Basın kartımı çıkartmaya çalışırken, İnönü elindeki mikrofonla seslendi:
"Sayın Koç'u bırakın" Sonra bazı gazeteciler olayı algılayamadıklarından İnönü hakkında, "Ne kadar kibar biri, kurbanlık hayvana bile 'Sayın' diye sesleniyor" şeklinde yayımladılar.
Şevket Arz-Trabzon (CHP):
Trabzon'dan bir vatandaş, milletvekiline telefon açar: Vekilim yarın sizi ziyaret etmeye geleceğim.
Arz: Buyur gel… Aynı günün gecesi saat 03.00'te vatandaş tekrar arar: Vekilim, otobüs Sungurlu'da mola verdi. Geliyorum.
Reyhan Balandı-Afyon (ANAVATAN):
Balandı, milletvekili yeminini ettikten sonra annesini arar: Anne, yemin töreninde çok başarılı oldum, iyi geçti.
Balandı'nın annesi: İyi kızım, tamam da, limon sıkacağı nerede?
Osman Seyfi-Nevşehir (AKP):
Vatandaşın biri gece yarısı 02.00'de arar:
Beni tanıdınız mı?
-Seyfi: Hayır tanımadım.
- Vatandaş: Seçim zamanı olsa tanırdın ama, değil mi…
Rasim Çakır-Edirne (CHP): Bir vatandaş, telefonla arar: Vekilim, oğlumun arabasını çekecekler. Lütfen yardım et. Tüm evrakları tamam, bir tek ehliyeti ve ruhs atı yok! Bitir şu işi ne olur!
Öner Gülyeşil-Siirt (AKP):
- Kimliği meçhul bir vatandaş: Alo vekilim, beni tanıdınız mı?
- Gülyeşil: İsminizi verirseniz!..
- Vatandaş: İsmimi versem bilemezsiniz.
Hiç karşılaşmadık.
Siz bizim köyde teyzemin oğlu ile tokalaşmışsınız.
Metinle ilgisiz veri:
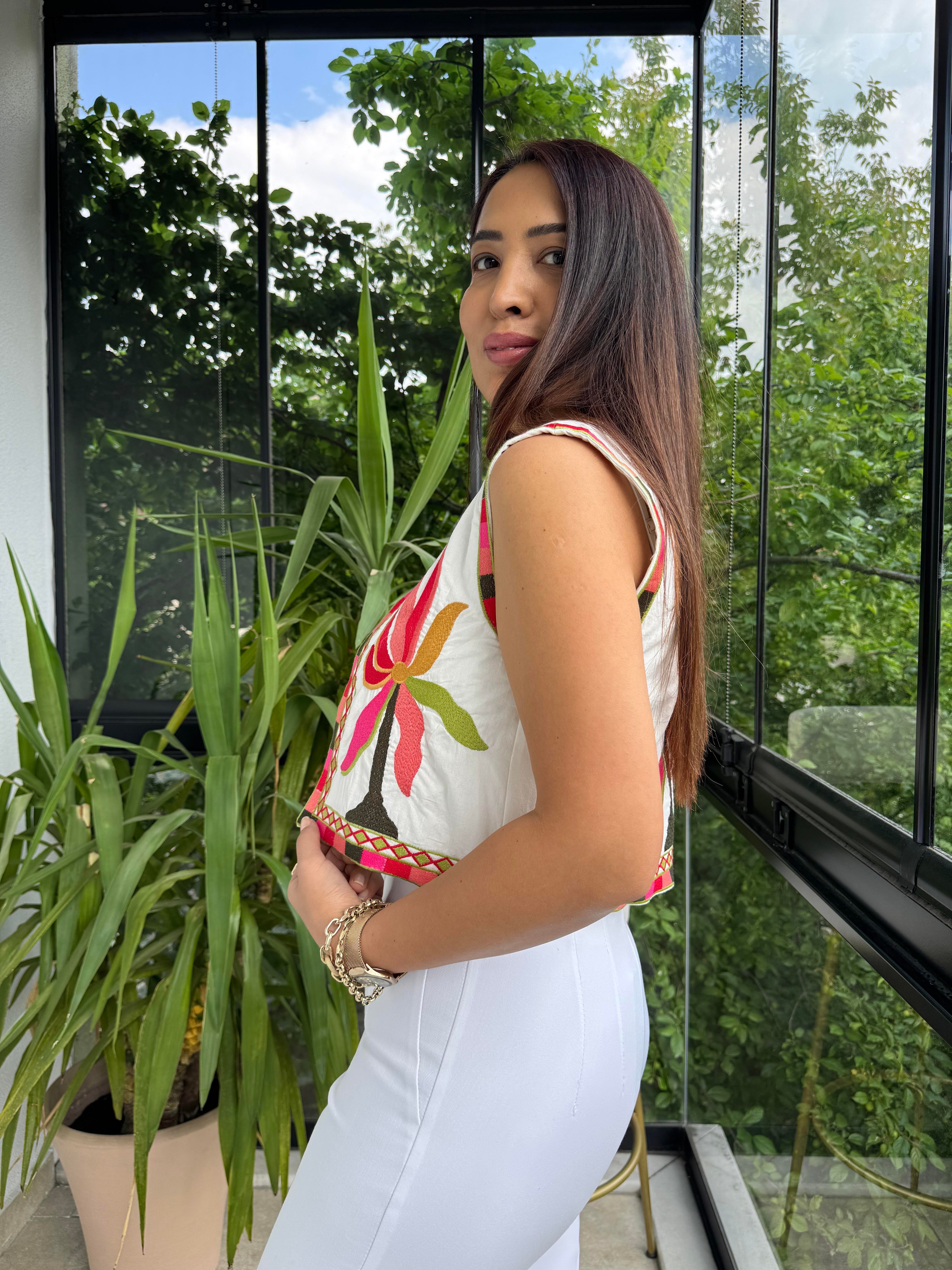 İşlemeli Nakışlı Yelek Pembe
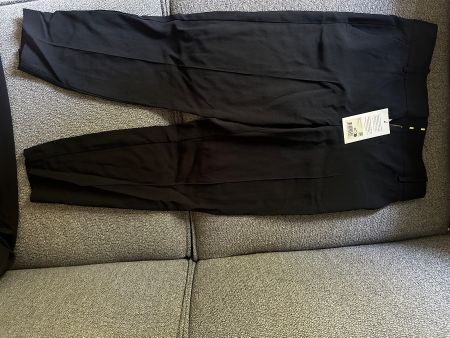 Hose Gustavo Sezane. Grösse 38. Neu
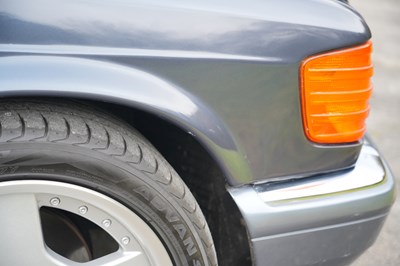 Lot 230 - 1989 Mercedes-Benz 560 SEC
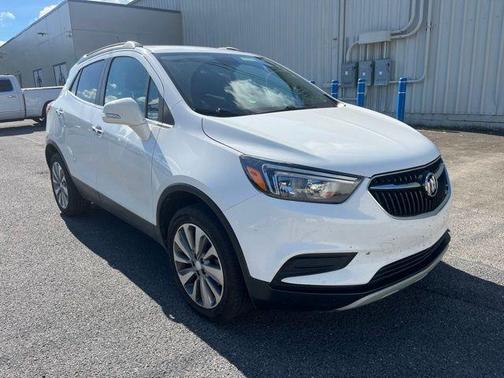Summit White 2019 Buick Encore Preferred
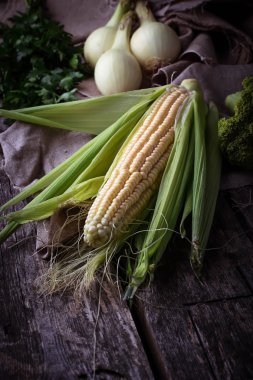 ahşap masa üzerinde taze çiğ Mısır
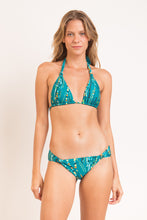 Carregar imagem no visualizador da galeria, Model Front: Rio De Sol Calcinha Bottom Rain Mel-Comfy
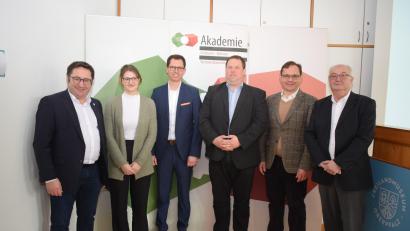 Bild: bnr
Die Mobilität ist das Jahresthema der Akademie Ostbayern-Böhmen. Sechs Referenten beleuchten das Thema aus unterschiedlichen Blickwinkeln. Im Bild von links: Staatssekretär Tobias Gotthardt (FW), Lena Roth Uni Bayreuth, Manuel Lorenz IHK, Tobias Appl Bezirksheimatpfleger, Museumsleiter Tobias Hammerl, Vorsitzender AOB Josef Schönhammer.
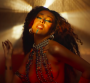Doja Cat sensuelle dans le clip "Woman"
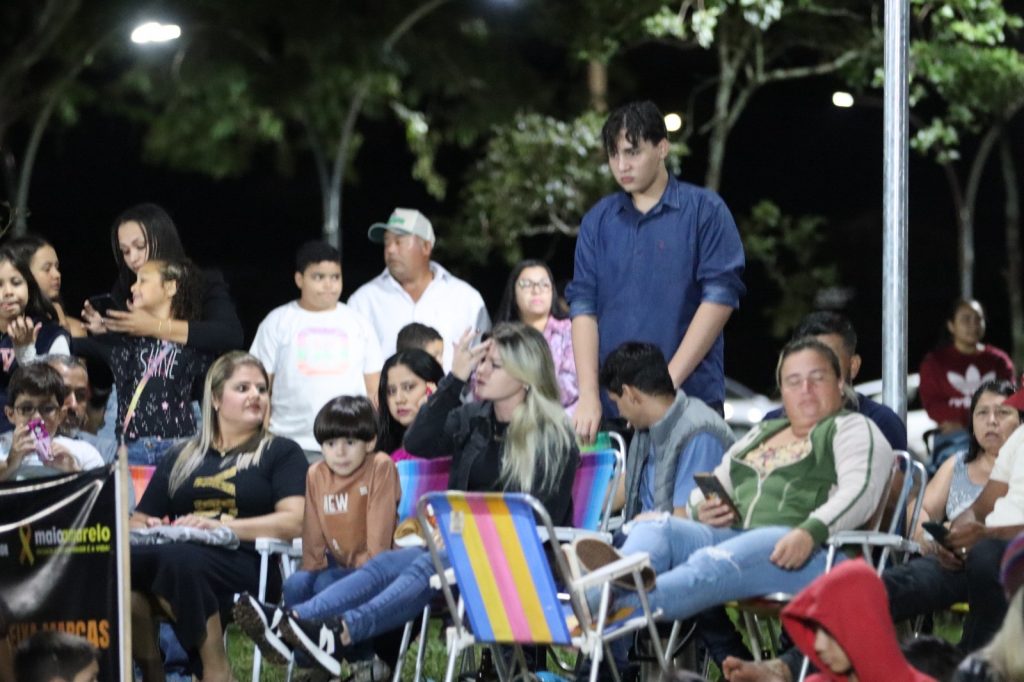 Show de manobras reúne grande público na noite de aniversário de Tacuru Show de manobras reúne grande público na noite de aniversário de Tacuru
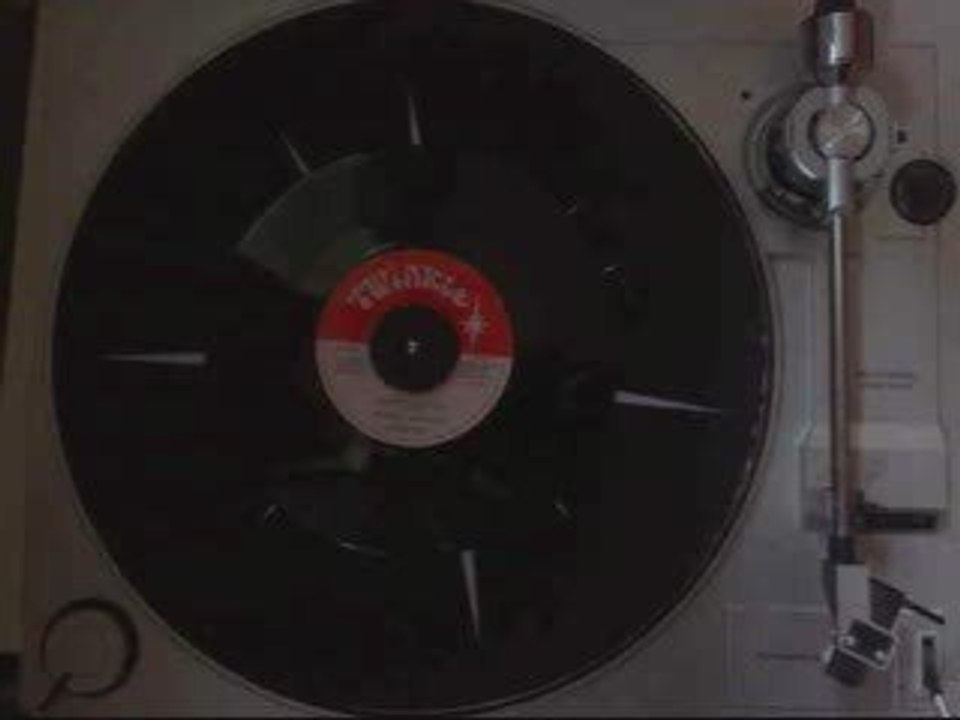 twinkle brother-Never Get Burn
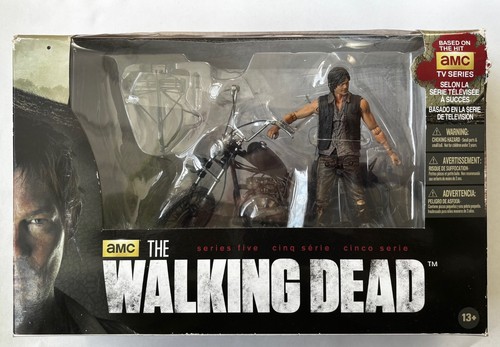 The walking dead - walking, daryl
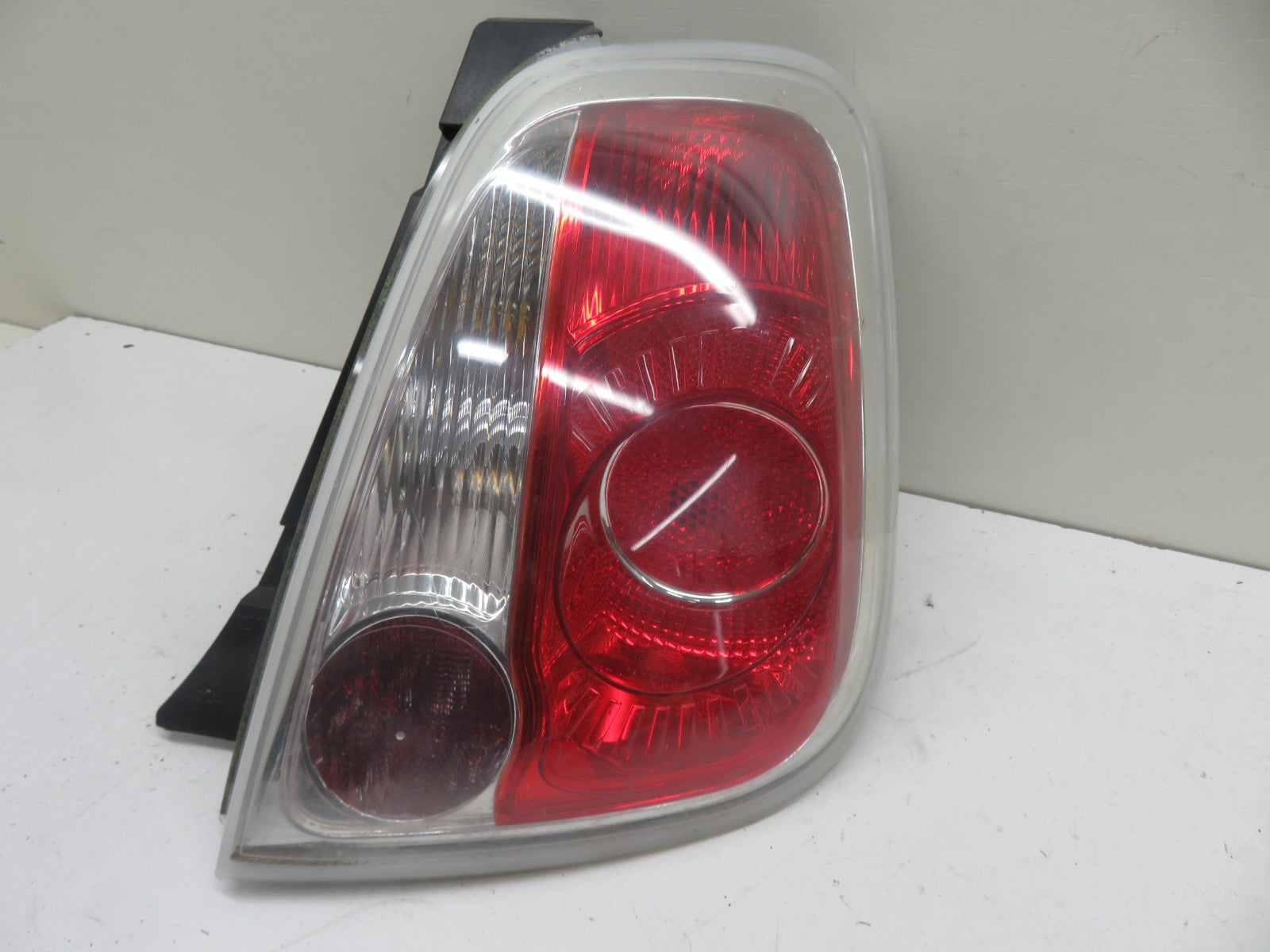 FIAT 500 OS DRIVER REAR TAIL LIGHT 2007-2012 1854-3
Oradan tanırsınız

TÜRK SİYASETİNDEN
BİR DEMİREL GEÇTİ

Gap'ı kimseye gap diye gaptırtmam. w İşiniz vardı da biz mi aldık? (12 temmuz 1969) (İş isteyenlere)
İşsizlikten kurtulmak istiyor musunuz ? takılın peşimize. (1991 genel seçimleri öncesi miting konuşmalarından)
Kırk günde kabak yetişmez.(1978 de CHP'nin 40 günde Türkçe bilmeyen öğretmenleri alıp öğretmen yapması için demiştir.)
Ağca hapisaneden nasıl kaçmıştır?
Hapishaneler yol geçen hanına dönmüştür.
Hapishanelerden pek çok kişi kaçmıştır.
Ege bir Yunan gölü değildir. Ege bir Türk gölü de değildir. Binaenaleyh, Ege bir göl de değildir.
Yazın biz Bulgaristan'dan elektrik alıyoruz. Kışın Bulgaristan bize elektrik veriyor.
Neresini sıksaydım? İngiltere ile ilişkilerin gergin olduğu bir dönemde yapılan bir görüşmede, Bülent Ecevit'in elini sıkmasının doğruluğunu kendisine soran gazetecilere cevaben )
Su mu daha değerlidir yoksa petrol mü? Tabi ki su daha değerlidir. Çünkü petrol içilmez, ama su içilir.

ERDAL İNÖNÜ
Bir miting öncesi SHP milletvekili, İnönü'ye der ki:
- Sayın Genel Başkanım siz iyi konuşamıyorsunuz, bakın Özal'a esip gürlüyor.
İnönü "Peki ne yapacağım" der.
Milletvekili cevap verir:
- Konuşurken masaya yumruğunuzu vuracaksınız, biz şöyle partiyiz, şöyle yaparız, böyle yaparız, diye kükreyeceksiniz.
İnönü kürsüye çıkar, yumruğunu masaya vurur ve şöyle der:
- Biz öyle bir partiyiz ki, adamı...
Burada kesilir ve şöyle devam eder:
- Devamını bu arkadaş söyleyecek..
***
Erdal İnönü, ''Seni sevmeyen ölsün'' diyen vatandaşa ''Aman ölme bir oy gider'' cevabını verirken, SHP eski Genel Başkanı Aydın Güven Gürkan da Kızılcahamam mitinginde vatandaşlara ''Sevgili Kızılderililer'' deyince meydan, kahkahaya boğulmuştu.